Era cambiato tutto nella sua testa. Il Roland Garros di fine secolo fu la vera antitesi della Graf diciottenne. Intendo quando demoliva la Zvereva 6-0 6-0, in appena 32 minuti, sempre a Parigi, ma nel 1988.

Secondo te è vero l’assioma che, nelle giornate ok, Monica Seles demoliva le avversarie con la sua aggressività fisica mentre Steffi Graf ti demoliva il cervello e basta?

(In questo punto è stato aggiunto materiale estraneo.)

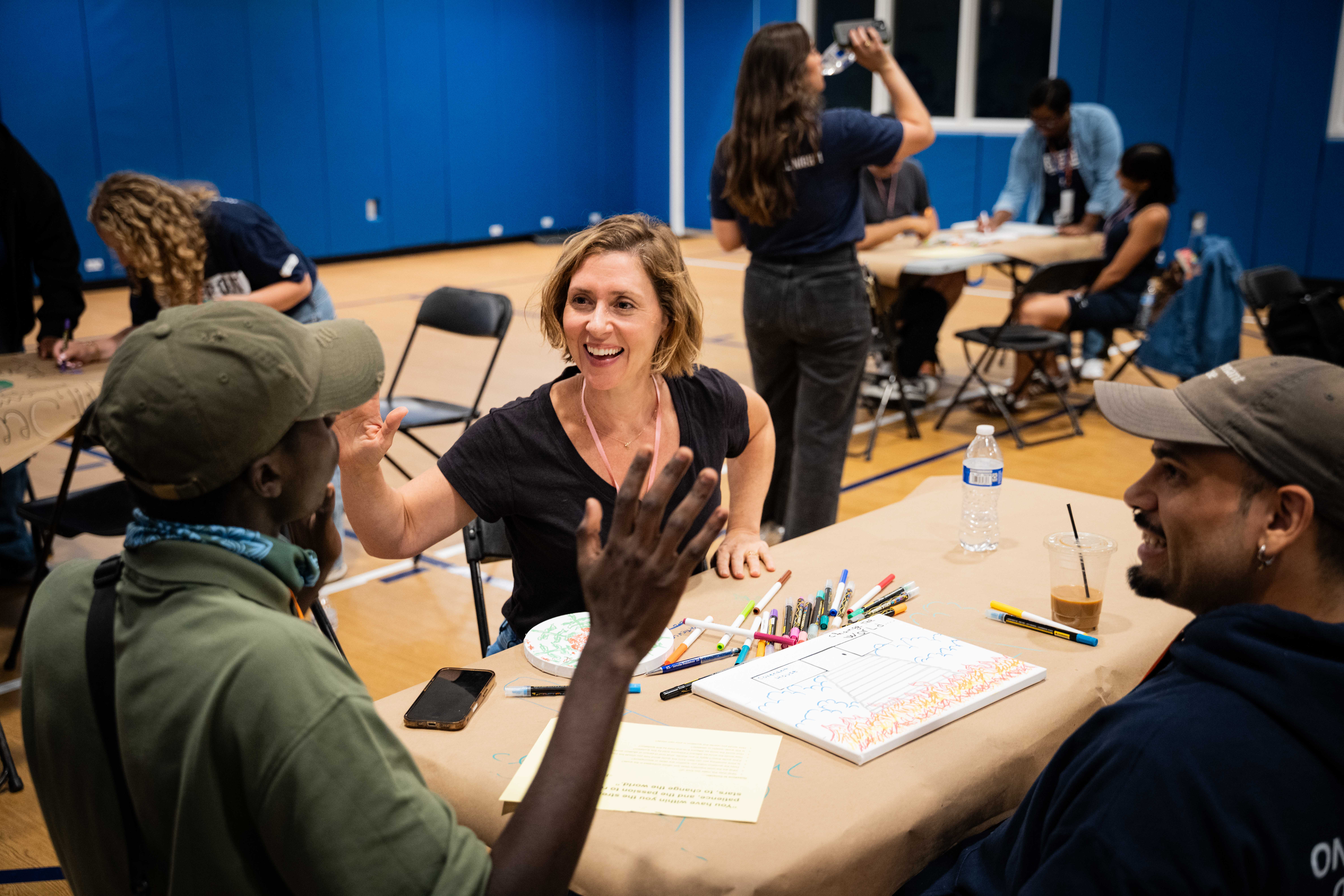 Actor Miriam Silverman high-fives another Sleep Out participant during a breakout session.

Beh, nel 1990/1991, al massimo della loro rivalità, la sensazione era appunto quella. Steffi, quando conosce Monica, capisce di avere di fronte a sé una forza della natura. Una che letteralmente grugnisce quando manda la pallina al di là della rete! Quindi il suo stile introverso, freddo, “tedesco” può esserle molto utile in quegli scontri memorabili. Inutile snaturarsi. Inutile mettere il match sullo stesso piano della sua nemesi.

So perfettamente che siamo nel campo del “what if” fumettaro, ma cosa ne sarebbe stato del tennis femminile anni ’90 senza l’insano gesto di Parche e dei relativi problemi psicologici che la Seles si sarebbe portata dietro fino al ritiro?

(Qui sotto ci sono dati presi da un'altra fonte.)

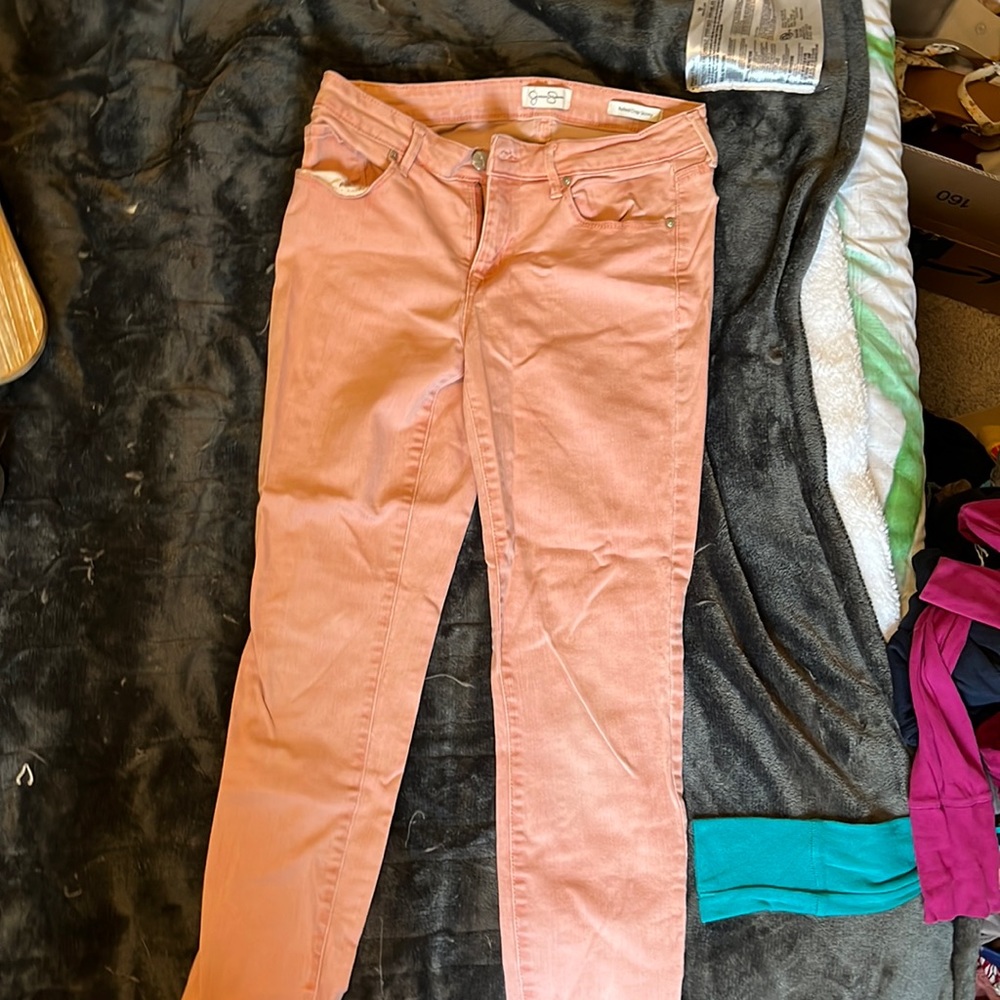 Rolled cropped skinny light pink jeans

Magari, senza la pagina nera di Amburgo ’93, la rivalità Graf vs Seles si sarebbe semplicemente evoluta. Ok, Monica era ancora molto giovane al momento del suo ferimento (neanche ventenne. Ndr), ma avrebbe avuto senso puntare tutto sulla forza fisica per il resto degli anni ’90? Non lo sapremo mai, ma che grandi sfide ci siamo comunque persi… (sospira) 

Il tennis femminile è calato dall’uscita di scena della Graf e la successiva “mascolinizzazione” di tale disciplina?

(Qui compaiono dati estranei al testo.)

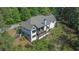View of the side and rear exterior elevation of the home with tiered porches at 23 Sunset Se Rdg, Cartersville, GA 30121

No, il tennis femminile è bello anche nel 2021 e non così Williams-dipendente come si vorrebbe far credere. Magari manca il dualismo decennale mediatico – quella cosa che i maschi hanno vedendo giocare Federer e Nadal – ma ci sono comunque dei nomi interessanti là fuori. L’atletismo d’altronde l’ha inventato Martina Navratilova a metà anni ’70 e non è che questo sport oggi sia diventato più banale solo perché è pieno di sportive allenate ai massimi livelli. Si tratta solo di progresso.

Ultima domanda: il tuo incontro preferito della Graf?

Domanda difficilissima. Tra tutti ti dico la sua vittoria in tre set contro la stessa Navratilova nella finale del Roland Garros ’87. Quello che passerà agli annali come il suo primo Slam.

Perché proprio quel match?

Perché eravamo ancora nel 1987 e forse qualcuno tende a scordarselo. Perché arriva giusto un pelo prima del suo 1988 stratosferico. Perché dopo, per Steffi, sarà tutta un’altra storia.